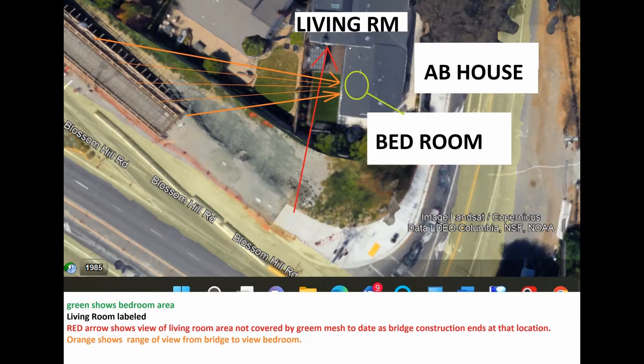Beyond the structure of the pathway where it is just plain pavement, we can see the living room indicated by the red arrow. The next area that can be seen is the bedroom, shown by the green circle, with orange lines indicating a straight view to the bridge overpass higher up on the upper left. This is the view from that walk-in range that has a direct line of sight into the bedrooms.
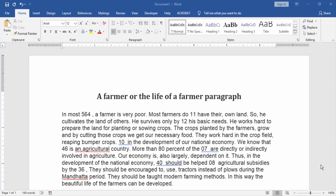Assalamualaikum. Hello friends, how are you? Welcome back to another video. In this video I am going to show you how to insert a comma in numbers in Microsoft Word. Let's get started.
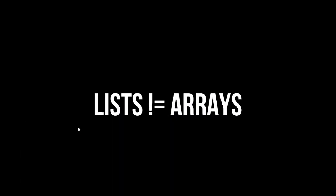First of all, before we get into really anything, in Python, lists are not arrays. Python lists and Python arrays are two separate things. That is what this video is about.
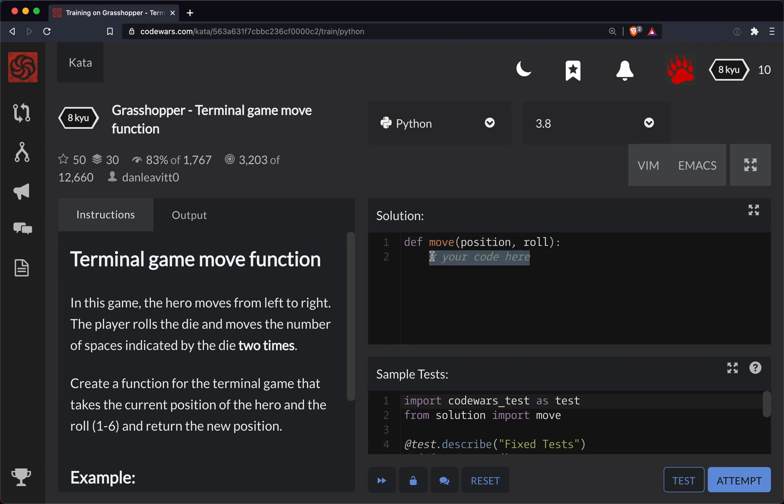Let's make a variable here called steps and this will be simply the roll times two, and then we'll return the position plus steps.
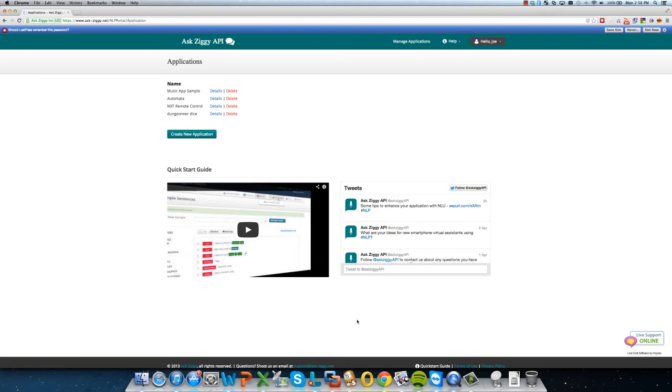Welcome to Aziggy NLU API portal. We're going to show you how we use our NLU API to control a LEGO Mindstorms robot using natural language understanding. So that means that you can use common phrases like, I want you to go forward three feet, or I want you to turn around 180 degrees, or please stop in order to control the robot.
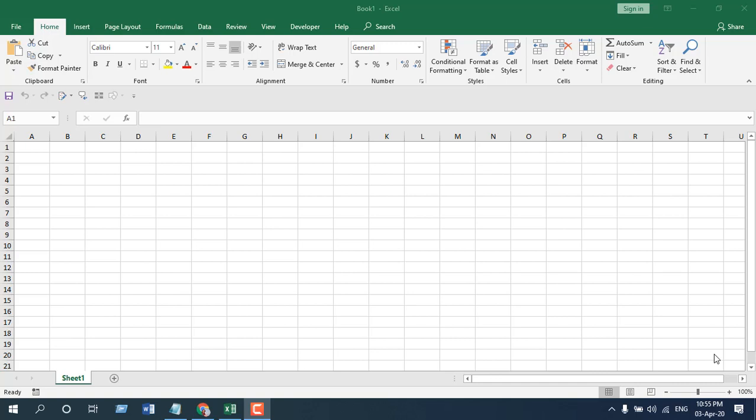Hello everyone, welcome to Excel 10 tutorial. In this advanced Excel tutorial, I'm going to show you how you can change a worksheet name based on a cell value. It is going to be a dynamic sheet name, and this is what you are going to learn in this tutorial. Let's get started.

━━━━━━

Task brief
Print exactly the lines from the first line of the records above through the line containing "Let's make a", both included, and leave the pictures out.

Response box
Beyond the structure of the pathway where it is just plain pavement, we can see the living room indicated by the red arrow. The next area that can be seen is the bedroom, shown by the green circle, with orange lines indicating a straight view to the bridge overpass higher up on the upper left. This is the view from that walk-in range that has a direct line of sight into the bedrooms.
Assalamualaikum. Hello friends, how are you? Welcome back to another video. In this video I am going to show you how to insert a comma in numbers in Microsoft Word. Let's get started.
First of all, before we get into really anything, in Python, lists are not arrays. Python lists and Python arrays are two separate things. That is what this video is about.
Let's make a variable here called steps and this will be simply the roll times two, and then we'll return the position plus steps.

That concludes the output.